Wednesday, April 14, 2010

Mainstream Liberals, 2010

As I write this, there's a Tea Party even in Boston, complete with Sarah Palin.  I'm sure there are plenty of signs about socialism, and perhaps even communism, around.  Liberals have, of course, laughed at these sort of accusations -- and with good reason.  Do you want to see a good example?  I have a great one, in a back-and-forth between two liberals in good standing, Kevin Drum and Matt Yglesias.  Both are certainly liberals; for example, on health care reform, both preferred a bill with a public option, but had no difficultly strongly supporting the eventual, compromised, bill that became law.  I'd guess that they would both self-identify right around where the modal House Democrat is, ideologically.

Their topic?  Airlines charging for carry-on bags.  To simplify: Yglesias is for it, pointing out the potential advantages to consumers of market forces.  Drum is against it, arguing that the hassle of dealing with too many choices outweighs the economic gains (FWIW, I'm with Drum on this one, I think). 

Neither says anything about the government simply owning and operating the airlines.  That, of course, is what socialist governments do; pre-Thatcher, British Airways was a government-owner airline

Nor do either of them recommend a big government solution.  American liberals really did used to believe that heavy government regulation was best for industries prone to monopolies, which is a whole lot of industries.  In the United States, the airline industry was regulated with regard to routes and price.  After deregulation (passed in 1978, under Carter), airlines started competing more, and I think it's generally accepted that the result was a lot more air travel at much lower cost.

Instead, Yglesias is all for a more vigorous market (in this case), while Drum is against it's effects, and points to mild regulations such as more effective credit card disclosure requirements, not a restoration of full price regulation of airlines.  And from his post, it's not really clear that he favors government action at all; he may just not like this particular market action without seeking a government remedy.  At any rate, he does, in his post, praise the 1978 airline deregulation.

In other words, liberals such as Yglesias and Drum (and Obama and Pelosi) are not socialists, and are not old-style big-government liberals.  Liberals, dating back to the late 1979s, have come to accept that markets are incredibly powerful and can be harnessed to do great things.  Where liberals differ from, say, libertarians is that liberals tend to be very aware that markets are artificial human creations, and therefore that setting rules of a market is, in their view, properly a function of government; and, that the power of markets is not absolute, and that another proper function of government is to be aware of potential market failure.  Nor do liberals, I think, believe that markets are inherently morally good (although I don't think that anyone who I would call a mainstream liberal think that markets are inherently morally evil).  Therefore, for liberals, markets are instrumental, not (as I think is true for at least some libertarians) a goal themselves.

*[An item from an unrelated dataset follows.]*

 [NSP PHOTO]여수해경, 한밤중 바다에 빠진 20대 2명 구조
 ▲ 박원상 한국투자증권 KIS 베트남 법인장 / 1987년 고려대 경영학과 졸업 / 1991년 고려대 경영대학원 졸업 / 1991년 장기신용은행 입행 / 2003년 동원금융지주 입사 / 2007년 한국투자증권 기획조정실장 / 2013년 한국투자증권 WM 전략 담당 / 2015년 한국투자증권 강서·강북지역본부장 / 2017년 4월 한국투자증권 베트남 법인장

Now, I'm talking mainstream liberals here.  I do think there's a left in America beyond them; I don't think what I'm saying here applies to them, at least not in general.  There are, after all, real socialists in the US, and probably some real old-style big government regulators, and all sorts of points in between.  But that left is also pretty small, and I don't think it includes more than a handful of Members of Congress, at best.

But mainstream liberals as socialists?  Just not happening.

3 comments:

  1. I think that's part of the point.

    People who are not socialists on most policy issues (for good reasons) should think twice about the benefits of a state monopoly over resource-allocation for a huge chunk of the economy (ie, single-payer healthcare.

    Except as a step on the road to single-payer, the health bill makes little sense -- compared to an alternative like reinsurance for high-risk individuals.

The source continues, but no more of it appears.